One analyst, Ben Reitzes with Barclays Bank's investment banking division, is already looking to the next quarter, and not seeing much of an improvement. "[W]e expect Apple to provide guidance below consensus for the June quarter with regard to revenue and gross margins," he writes in recent report. Reitzes reiterated Barclay's view that Apple needs to be, and will be, more open with investors about a range of issues, including its gross margin targets (since a small change in gross margin has an outsized impact on earnings per share), returning more cash to investors, and product plans.
"One of Apple's biggest challenges in 2013 will be that it has chosen not to participate in the market for 5-inch smartphones - and there is tangible evidence that this category is for real," Reitzes insists. "Apple has stood firm that its iPhone is ideal for one-handed use, which is true in our opinion. However, one handed use is arguably less important as phone calls become less and less crucial - the larger form factor has caught on for navigation, texting, videos, books and web access. Also, the larger screen seems to be more popular outside of the US and the phablet has significant momentum in China."
A number of Apple's suppliers, including Cirrus Logic and Foxconn, have reported lower than expected revenues or profits or both in recent weeks.

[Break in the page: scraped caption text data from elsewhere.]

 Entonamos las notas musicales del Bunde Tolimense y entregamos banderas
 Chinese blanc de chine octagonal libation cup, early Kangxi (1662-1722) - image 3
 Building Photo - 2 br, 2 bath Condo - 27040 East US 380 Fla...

In many cases, these results are being interpreted as representing a fall-off in orders from Apple. And that fall-off is then interpreted as evidence of slowing or even falling iPhone and iPad sales.

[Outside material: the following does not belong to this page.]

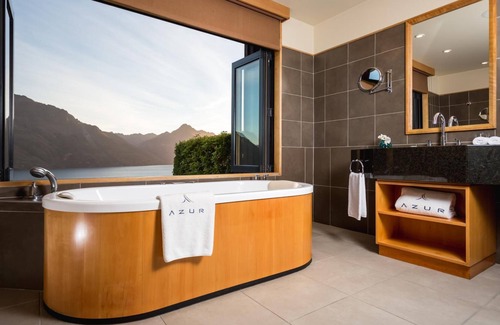 Sunshine Bay Cabin | Azur Luxury Lodge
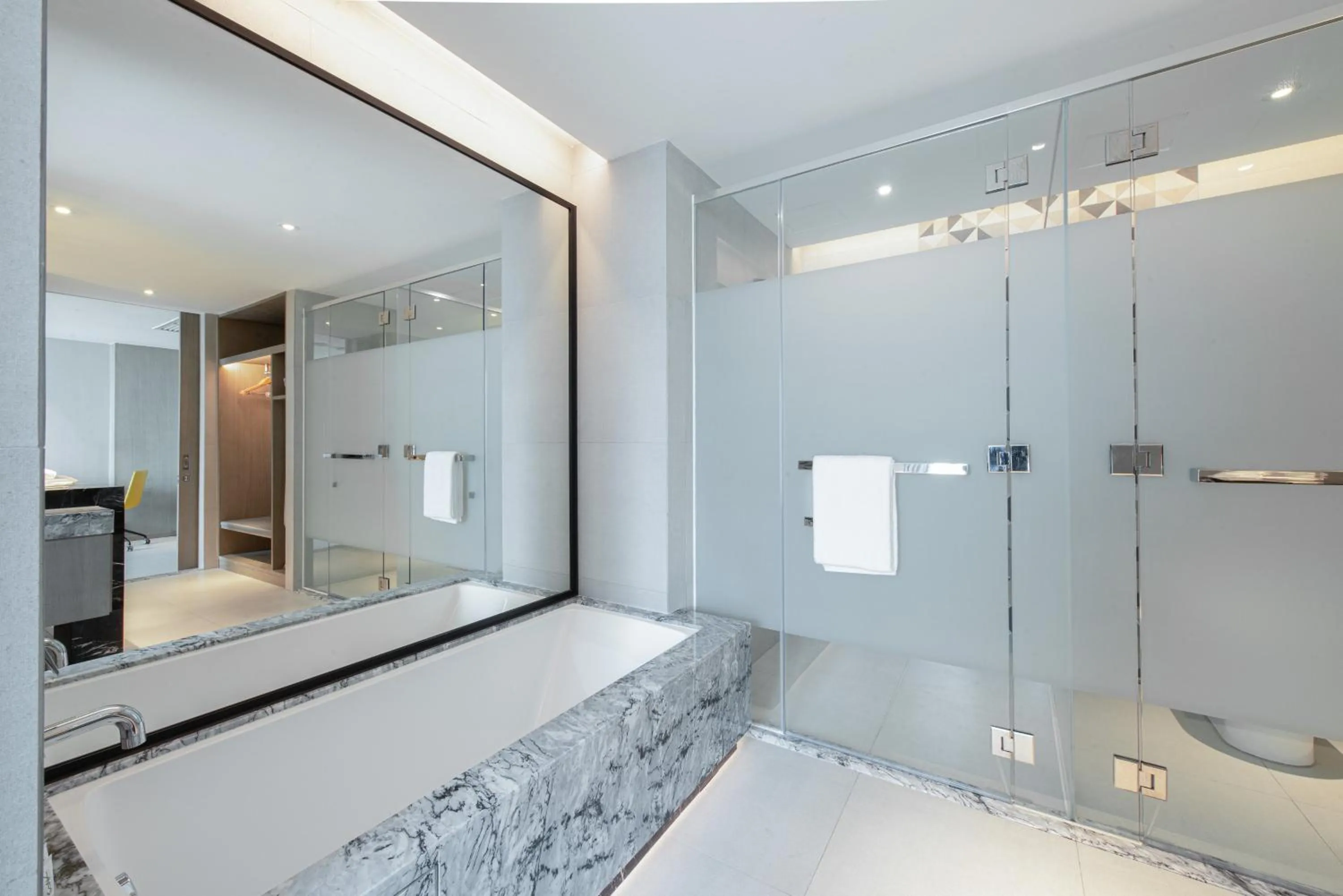 Bedroom in Holiday Inn Johor Bahru City Centre by IHG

"Hon Hai Precision Industry, better known as Foxconn, reported an almost 20% drop in earnings in the past quarter," posted John Koetsier, at VentureBeat. Foxconn is Apple's main assembler for phones and tablets. "The problem, apparently, is lower than expected iPhone sales."
Koetsier linked to a Reuters story on Hon Hai's results, but the story itself, while it asserts that Hon Hai's results were "hurt by disappointing demand for the iPhone," only quotes a Wall Street analyst to that effect, not any Hon Hai executive.

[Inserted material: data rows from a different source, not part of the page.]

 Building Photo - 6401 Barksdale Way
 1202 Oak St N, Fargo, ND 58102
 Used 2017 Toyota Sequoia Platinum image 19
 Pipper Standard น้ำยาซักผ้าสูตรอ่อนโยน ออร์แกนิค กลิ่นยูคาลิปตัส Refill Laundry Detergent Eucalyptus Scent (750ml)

In February, a report by NPD's DisplaySearch unit on LCD screen shipments found a sharp one-month decrease in the January OEM shipments of 9.7-inch display units and concluded that these shipments had "collapsed." The report sparked widespread speculation in the blogosphere that the retail market for full-size iPads had likewise collapsed, in part due to the unexpectedly strong sales of the smaller iPad mini. Apple so far has not released separate sales figures for the two tablets.
Halfway through Apple's 2013 fiscal year, speculation is intense about when Apple will announce and release the next iPhone and iPad models. There are almost as many opinions as there are analysts.